Article Text
Abstract
Brain temperature was measured at various depths beneath the pial surface in patients with hydrocephalus of varying aetiology. Temperature increased gradually with depth in all patients, with the highest temperature found in the ventricle. The difference between intraventricular and rectal temperatures (Δv-r) was greater in patients who underwent continuous ventricular drainage than in patients who underwent ventriculoperitoneal shunt (continuous ventricular drainage; 1.2 (SD 0.40)°C, mean (SD), n=5 vventriculoperitoneal shunt; 0.4 (SD 0.45)°C, n=16; p< 0.05).
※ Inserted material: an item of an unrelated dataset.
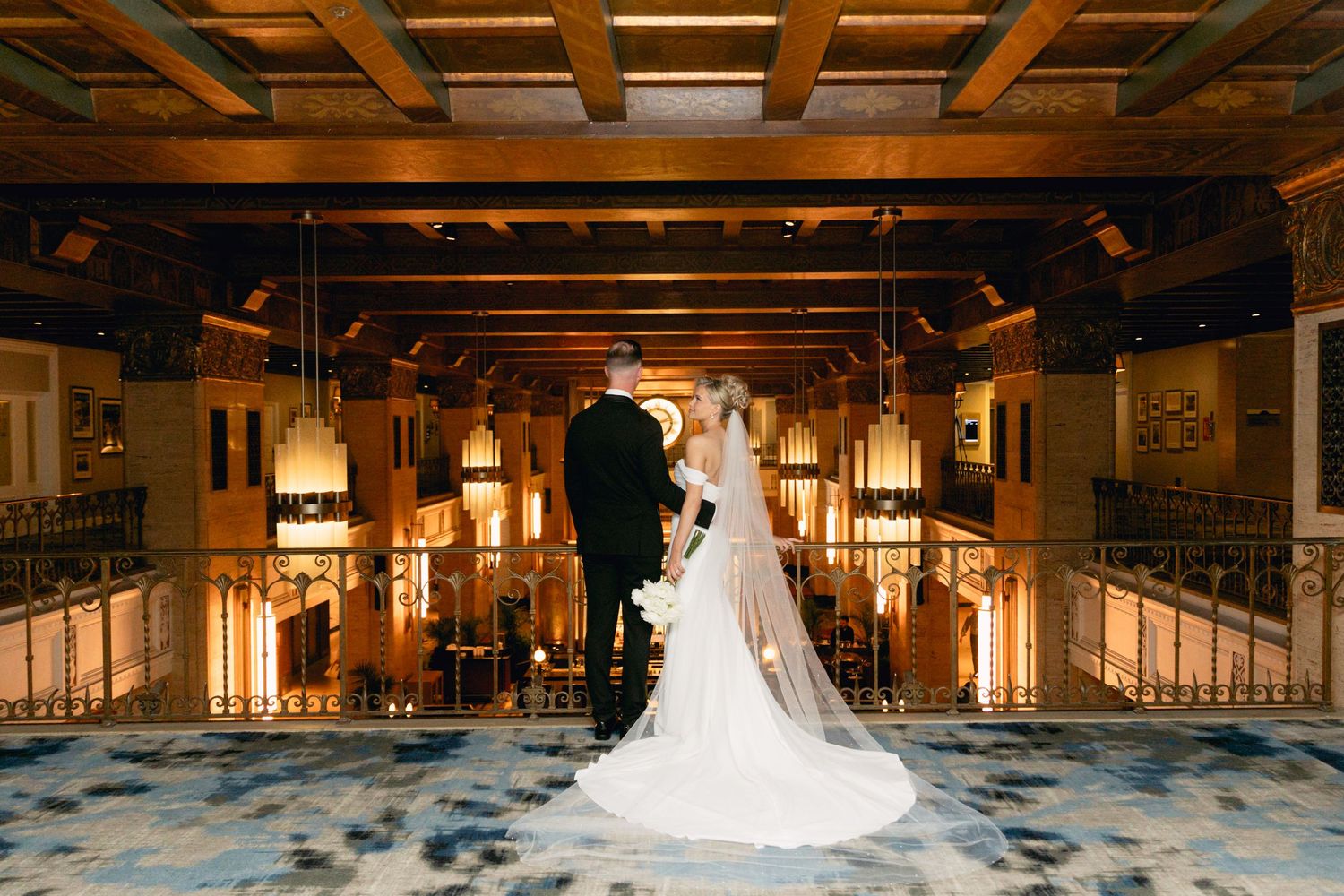 Bride and groom stand hand-in-hand in an elegant, warmly lit wedding venue with ornate architecture.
The difference between intracerebral and rectal temperatures (Δb2-r) was also greater in patients with continuous ventricular drainage than in patients with ventriculoperitoneal shunt (continuous ventricular drainage; 0.1 (SD 0.86)°C, n=5 v ventriculoperitoneal shunt; −0.7 (0.86)°C, n=16; p< 0.05). Among patients with normal pressure hydrocephalus, these differences were greater in the patients with better outcomes after shunt surgery than in the less improved group (Δv−r; 0.7 (SD 0.27)°C, n=7 v 0.1 (SD 0.40)°C, n=5, p< 0.01, Δb2-r; −0.2 (SD 0.61)°C, n=7v −1.4 (0.90)°C, n=5, p< 0.01).